She was like, “What are you talking about????”

He was like, “Just keep him in there for a few more days.”

Hahahahaha. Actually, I’ve got the big man right here.

Eric, Rodrygo’s dad

Man, I remember it so well. On the 25th I told my wife, Denise, “For the love of God, don’t let him be born now.” I was 16, at the start of my own career, and I knew that if he was born in December, he’d be the youngest in his age group and the kids born in January would be almost a year older. For a young player trying to stand out, that is a disaster. Denise often asked me, “But why?”

I was like, “Don’t worry, just do whatever you can to hold him up.” I wasn’t even gonna take her to the hospital!!
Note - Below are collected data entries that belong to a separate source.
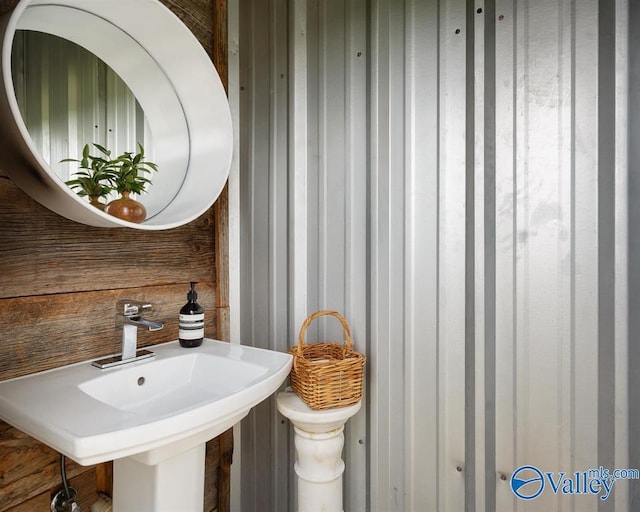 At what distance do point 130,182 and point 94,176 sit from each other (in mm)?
109

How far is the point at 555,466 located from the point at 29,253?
149 cm

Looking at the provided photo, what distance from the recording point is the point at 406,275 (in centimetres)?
124

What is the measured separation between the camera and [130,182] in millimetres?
1223

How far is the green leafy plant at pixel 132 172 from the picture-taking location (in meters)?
1.20

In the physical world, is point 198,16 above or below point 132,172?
above

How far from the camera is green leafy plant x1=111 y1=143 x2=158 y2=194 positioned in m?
1.20

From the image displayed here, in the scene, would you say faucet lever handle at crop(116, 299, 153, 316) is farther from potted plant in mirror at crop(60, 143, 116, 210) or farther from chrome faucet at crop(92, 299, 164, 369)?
potted plant in mirror at crop(60, 143, 116, 210)

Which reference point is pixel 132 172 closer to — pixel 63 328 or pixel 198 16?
pixel 63 328

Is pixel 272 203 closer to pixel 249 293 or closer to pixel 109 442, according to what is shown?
pixel 249 293

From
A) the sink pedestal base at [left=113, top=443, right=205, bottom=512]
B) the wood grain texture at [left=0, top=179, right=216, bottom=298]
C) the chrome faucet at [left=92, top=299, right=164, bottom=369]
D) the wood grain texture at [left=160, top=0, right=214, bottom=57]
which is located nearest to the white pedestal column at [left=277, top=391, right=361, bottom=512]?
the sink pedestal base at [left=113, top=443, right=205, bottom=512]

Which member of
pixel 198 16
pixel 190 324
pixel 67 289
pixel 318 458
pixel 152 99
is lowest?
pixel 318 458

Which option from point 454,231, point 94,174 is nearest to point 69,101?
point 94,174

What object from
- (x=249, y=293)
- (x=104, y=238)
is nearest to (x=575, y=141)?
(x=249, y=293)

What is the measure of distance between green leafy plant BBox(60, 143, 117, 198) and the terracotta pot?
0.04 meters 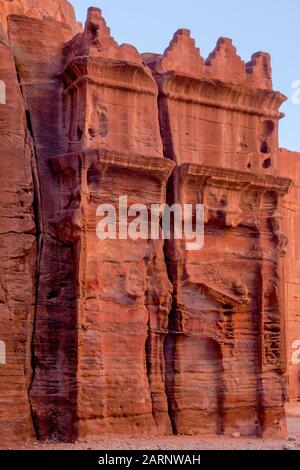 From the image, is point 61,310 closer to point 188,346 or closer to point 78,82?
point 188,346

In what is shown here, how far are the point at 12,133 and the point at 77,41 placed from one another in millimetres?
1933

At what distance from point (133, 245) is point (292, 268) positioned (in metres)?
10.9

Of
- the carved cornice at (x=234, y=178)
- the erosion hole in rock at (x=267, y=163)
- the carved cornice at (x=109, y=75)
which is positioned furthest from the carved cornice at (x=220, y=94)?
the carved cornice at (x=234, y=178)

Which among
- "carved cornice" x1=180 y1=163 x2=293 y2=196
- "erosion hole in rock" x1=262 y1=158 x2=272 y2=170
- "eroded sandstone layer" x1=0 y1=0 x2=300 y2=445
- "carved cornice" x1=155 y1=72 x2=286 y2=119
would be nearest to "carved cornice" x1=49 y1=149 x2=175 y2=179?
"eroded sandstone layer" x1=0 y1=0 x2=300 y2=445

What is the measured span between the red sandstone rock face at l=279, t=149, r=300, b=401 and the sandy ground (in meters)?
8.64

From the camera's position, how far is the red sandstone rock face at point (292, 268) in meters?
23.1

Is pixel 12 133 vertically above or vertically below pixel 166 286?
above

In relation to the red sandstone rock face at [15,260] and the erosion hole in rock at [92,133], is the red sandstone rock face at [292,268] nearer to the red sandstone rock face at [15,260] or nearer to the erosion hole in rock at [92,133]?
the erosion hole in rock at [92,133]

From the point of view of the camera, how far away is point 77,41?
13953 millimetres

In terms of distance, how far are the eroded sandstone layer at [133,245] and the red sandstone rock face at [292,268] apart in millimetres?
8094

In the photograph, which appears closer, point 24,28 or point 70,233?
point 70,233

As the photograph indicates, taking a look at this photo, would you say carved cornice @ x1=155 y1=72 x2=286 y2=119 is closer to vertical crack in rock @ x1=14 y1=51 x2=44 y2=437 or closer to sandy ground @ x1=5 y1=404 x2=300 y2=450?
vertical crack in rock @ x1=14 y1=51 x2=44 y2=437

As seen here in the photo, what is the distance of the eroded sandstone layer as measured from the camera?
42.3ft

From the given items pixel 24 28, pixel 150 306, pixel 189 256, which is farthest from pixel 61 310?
pixel 24 28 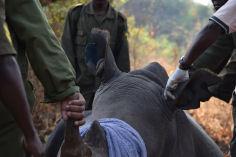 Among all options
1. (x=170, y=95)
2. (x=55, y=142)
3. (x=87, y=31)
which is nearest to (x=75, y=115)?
(x=170, y=95)

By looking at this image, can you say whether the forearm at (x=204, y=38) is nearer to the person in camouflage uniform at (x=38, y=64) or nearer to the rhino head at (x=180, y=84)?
the rhino head at (x=180, y=84)

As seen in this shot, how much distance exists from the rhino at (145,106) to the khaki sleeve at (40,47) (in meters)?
0.29

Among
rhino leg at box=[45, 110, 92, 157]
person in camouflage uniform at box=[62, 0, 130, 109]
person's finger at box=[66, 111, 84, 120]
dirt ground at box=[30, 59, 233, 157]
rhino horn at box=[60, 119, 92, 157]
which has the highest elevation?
person's finger at box=[66, 111, 84, 120]

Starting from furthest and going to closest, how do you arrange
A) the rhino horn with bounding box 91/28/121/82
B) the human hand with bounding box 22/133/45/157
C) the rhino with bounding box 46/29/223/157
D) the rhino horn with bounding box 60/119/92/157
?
1. the rhino horn with bounding box 91/28/121/82
2. the rhino with bounding box 46/29/223/157
3. the rhino horn with bounding box 60/119/92/157
4. the human hand with bounding box 22/133/45/157

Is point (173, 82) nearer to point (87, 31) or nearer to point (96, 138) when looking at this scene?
point (96, 138)

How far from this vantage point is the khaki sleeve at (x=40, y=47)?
192 centimetres

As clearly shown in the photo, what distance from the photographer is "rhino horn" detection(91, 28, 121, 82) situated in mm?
2945

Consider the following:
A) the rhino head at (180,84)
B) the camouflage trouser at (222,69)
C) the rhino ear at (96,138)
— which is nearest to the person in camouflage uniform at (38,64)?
the rhino ear at (96,138)

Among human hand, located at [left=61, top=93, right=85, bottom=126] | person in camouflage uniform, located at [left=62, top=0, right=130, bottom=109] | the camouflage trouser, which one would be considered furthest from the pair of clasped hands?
person in camouflage uniform, located at [left=62, top=0, right=130, bottom=109]

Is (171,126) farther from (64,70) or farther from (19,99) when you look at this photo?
(19,99)

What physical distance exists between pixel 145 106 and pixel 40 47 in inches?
38.9

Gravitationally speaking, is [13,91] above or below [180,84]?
above

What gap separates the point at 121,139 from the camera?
2.21 meters

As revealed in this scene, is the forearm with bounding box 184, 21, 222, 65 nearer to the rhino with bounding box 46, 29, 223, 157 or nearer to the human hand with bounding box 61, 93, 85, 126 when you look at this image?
the rhino with bounding box 46, 29, 223, 157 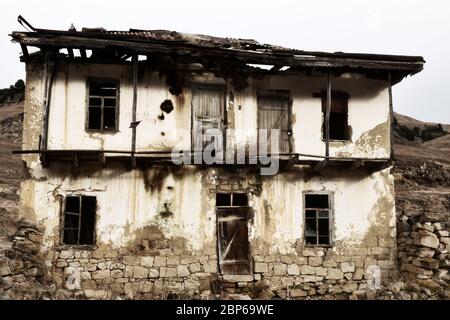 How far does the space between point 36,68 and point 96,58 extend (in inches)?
60.0

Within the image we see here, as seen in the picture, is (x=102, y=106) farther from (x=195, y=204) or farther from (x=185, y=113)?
(x=195, y=204)

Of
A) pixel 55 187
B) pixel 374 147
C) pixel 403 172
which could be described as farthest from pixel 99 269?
pixel 403 172

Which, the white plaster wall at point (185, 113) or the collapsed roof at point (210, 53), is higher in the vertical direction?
the collapsed roof at point (210, 53)

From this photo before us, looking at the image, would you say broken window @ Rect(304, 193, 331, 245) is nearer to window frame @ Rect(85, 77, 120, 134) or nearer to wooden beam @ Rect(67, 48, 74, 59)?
window frame @ Rect(85, 77, 120, 134)

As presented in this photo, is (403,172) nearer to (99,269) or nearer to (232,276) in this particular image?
(232,276)

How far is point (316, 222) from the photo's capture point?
14.0 metres

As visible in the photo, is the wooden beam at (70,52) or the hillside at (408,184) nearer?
the wooden beam at (70,52)

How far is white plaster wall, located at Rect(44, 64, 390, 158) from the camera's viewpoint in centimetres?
1313

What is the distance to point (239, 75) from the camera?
14172 mm

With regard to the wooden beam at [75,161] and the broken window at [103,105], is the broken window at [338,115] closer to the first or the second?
the broken window at [103,105]

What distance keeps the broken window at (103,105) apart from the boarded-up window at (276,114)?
3.89m

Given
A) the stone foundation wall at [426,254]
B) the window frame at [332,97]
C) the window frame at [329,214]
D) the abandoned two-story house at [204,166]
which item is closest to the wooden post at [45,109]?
the abandoned two-story house at [204,166]

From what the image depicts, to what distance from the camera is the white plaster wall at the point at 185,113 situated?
43.1 ft

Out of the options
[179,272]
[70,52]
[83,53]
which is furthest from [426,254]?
[70,52] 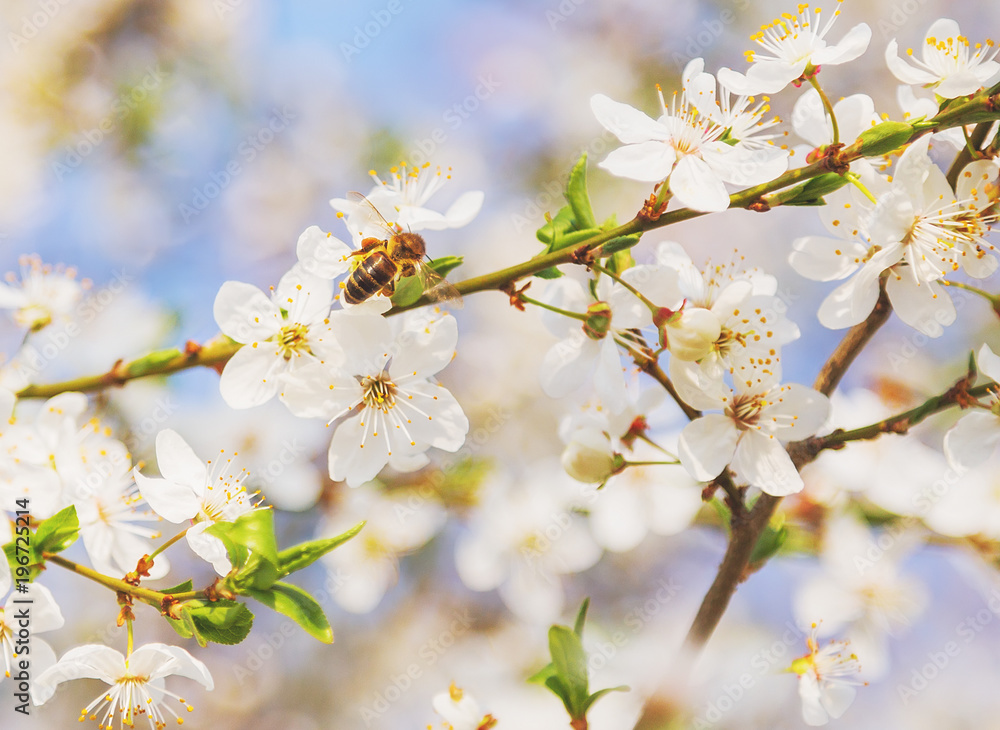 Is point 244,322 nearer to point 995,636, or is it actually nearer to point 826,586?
point 826,586

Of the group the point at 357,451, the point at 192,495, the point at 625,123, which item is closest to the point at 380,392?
the point at 357,451

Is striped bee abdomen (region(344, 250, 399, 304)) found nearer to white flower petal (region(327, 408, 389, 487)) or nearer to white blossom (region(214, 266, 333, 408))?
white blossom (region(214, 266, 333, 408))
Caraca … 26th, 27th, 28th … Every day felt like a week. On the 31st we did the countdown. “Four, three, two, one … HAPPY NEW YEAR!”

I looked at the clock.

00:00, 1 January 2001.

Phewwww!

The next few days I was stroking her belly saying, “It’s going to be a boy.” Our brothers and sisters had seven kids — all girls.

“He’s gonna be a footballer.…”

Man, I believed it.

Rodrygo

My dad always said that words have power. I had all these dreams as a kid — brother, I loved to dream — so I kept telling myself the same things.

I’m going to play for Brazil.

I was running around with a fake Selecão shirt and the Neymar mohawk.

I’m going to play for Real Madrid.

When I was 10, my birthday party theme was “Rodrygo Real Madrid.”

I’m going to win the Champions League.

The peak of club football.

I’m going to play in the World Cup.

The peak of football, period.

When I was a toddler, my mum would take me to a bazaar where my aunt worked, and every time I’d grab a ball. Poor Auntie, she had to pay for it. When I was two, I’d play from 8 a.m to 10 p.m. Toys? No need. God gave me a gift, there is no other explanation. So Dad made my life twice as hard!!

Eric

I’d watch him play and go, Wow! Impressive. At three he was already shooting with his weaker foot….

Rodrygo

Listen, this guy is the worst referee ever. We used to play at this futsal court in São Caetano with other kids. One goal. No teams. My dad would be the goalie and ref, kick the ball out and we all had to try to score.

I’d dribble past a kid. He’d chop me down. I’d look at my dad.

“PLAY OONNNNN!!”

I would score a goal.

“Doesn’t count.”

Man, even my mum got mad at him!! She was like, “He fouled him, why didn’t you call it?”

My dad was like, “Relax, I know what I’m doing.”

Mum suffered a lot. I used to play with older kids on a side street near our house in Osasco, São Paulo. They were all going to an academy, but I was too young. One day when I was six, the academy coach stopped by in his car to watch us play — I think that was the day he was registering kids for a tournament. I must have played well, because he was like, “Hey, Rodrygo, let’s go!”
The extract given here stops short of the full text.